Your objective: Copy the entries below exactly. Images do not belong in the copy.

Short text fragments from websites:
•••••
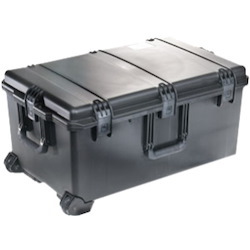 Pelican Im2975 Storm Large Travel Case In Black With Internal Dimensions Of 73.7 X 45.7 X 35.1 CM.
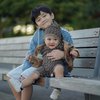 Deretan Potret Kebersamaan Rafathar dan Rayyanza di Bangku Taman New York, Kakak Adik yang Saling Menyayangi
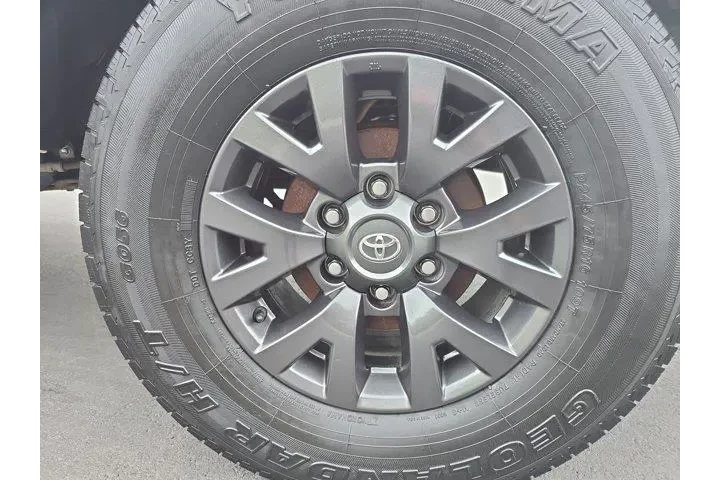 $37995 : Toyota Tacoma 2022 4x4 TRD P image 6
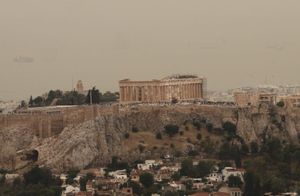 Αφρικανική σκόνη πάνω από την Eλλάδα – Πότε υποχωρεί το φαινόμενο και ανεβαίνει η θερμοκρασία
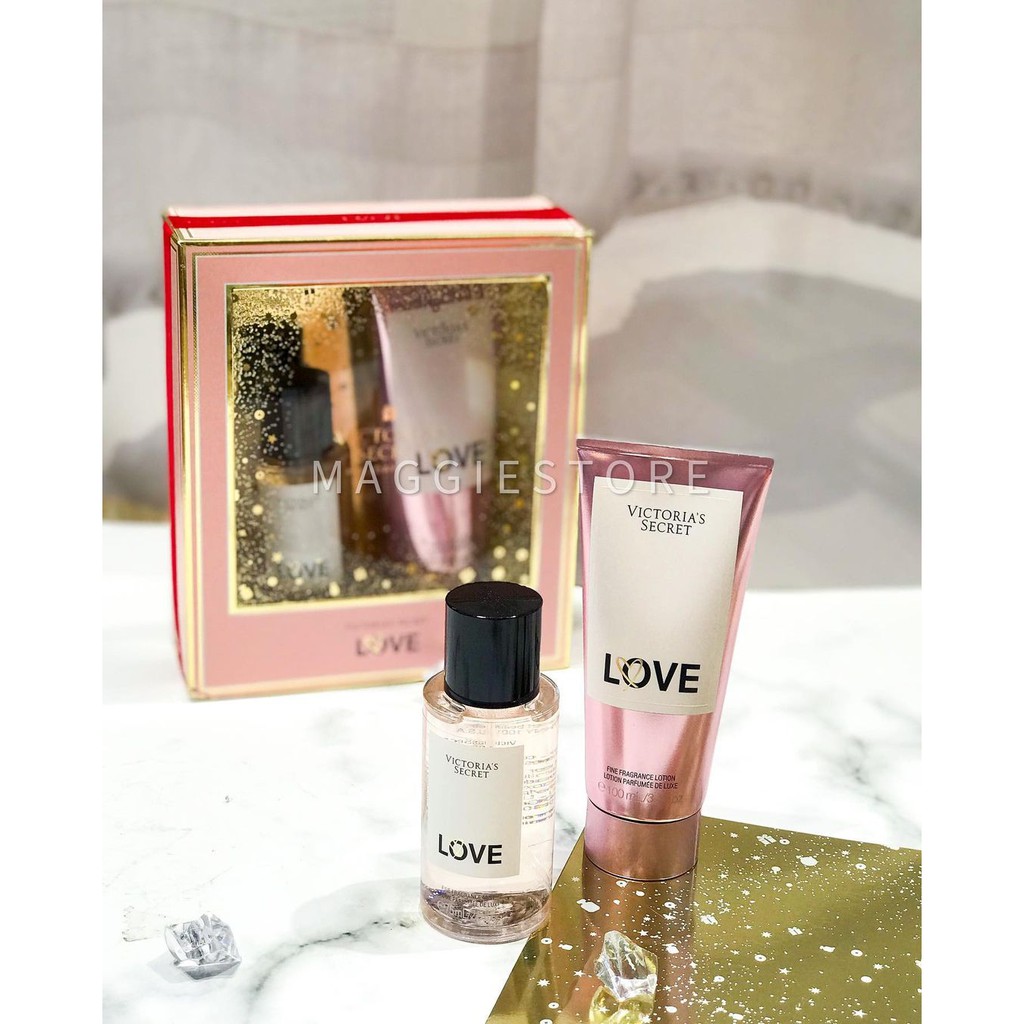 SET XỊT THƠM VÀ DƯỠNG THỂ VICTORIA’S SECRET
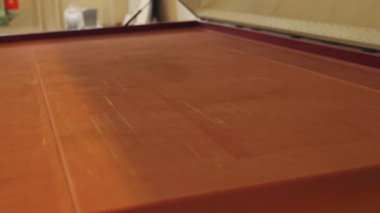 Fabrikada boyut ve kenar bantlama makinesi optimatı. Yüksek kalite 4k görüntü
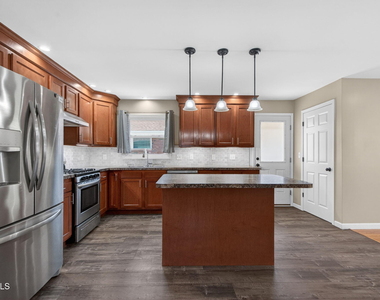 614 Park Avenue - Photo Thumbnail 12
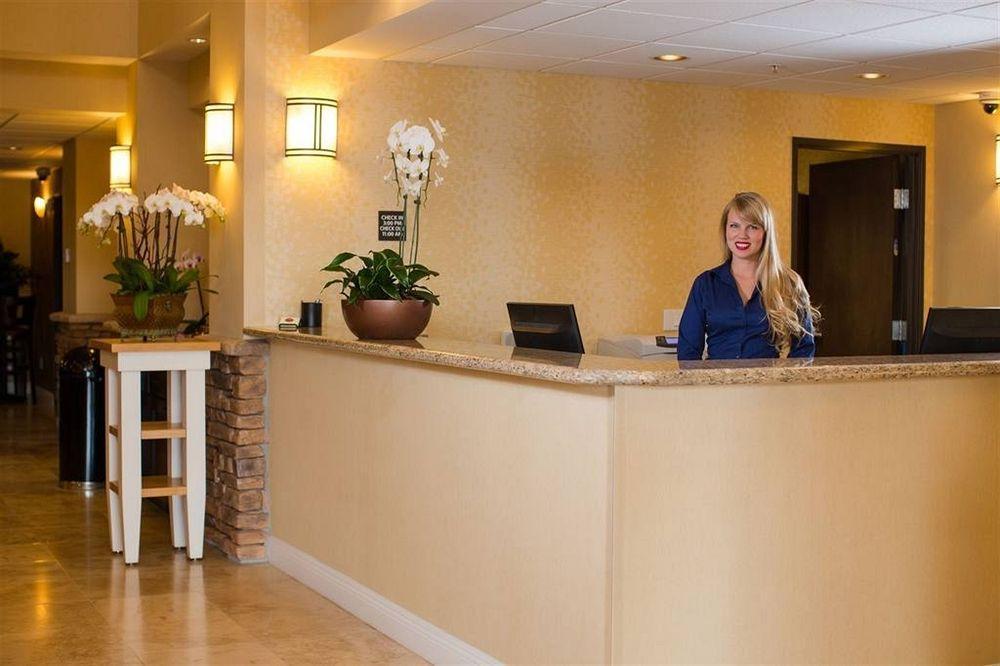 The Oaks Hotel & Suites Пасо Роблс Экстерьер фото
•••••
Exercise solution:
 Pelican Im2975 Storm Large Travel Case In Black With Internal Dimensions Of 73.7 X 45.7 X 35.1 CM.
 Deretan Potret Kebersamaan Rafathar dan Rayyanza di Bangku Taman New York, Kakak Adik yang Saling Menyayangi
 $37995 : Toyota Tacoma 2022 4x4 TRD P image 6
 Αφρικανική σκόνη πάνω από την Eλλάδα – Πότε υποχωρεί το φαινόμενο και ανεβαίνει η θερμοκρασία
 SET XỊT THƠM VÀ DƯỠNG THỂ VICTORIA’S SECRET
 Fabrikada boyut ve kenar bantlama makinesi optimatı. Yüksek kalite 4k görüntü
 614 Park Avenue - Photo Thumbnail 12
 The Oaks Hotel & Suites Пасо Роблс Экстерьер фото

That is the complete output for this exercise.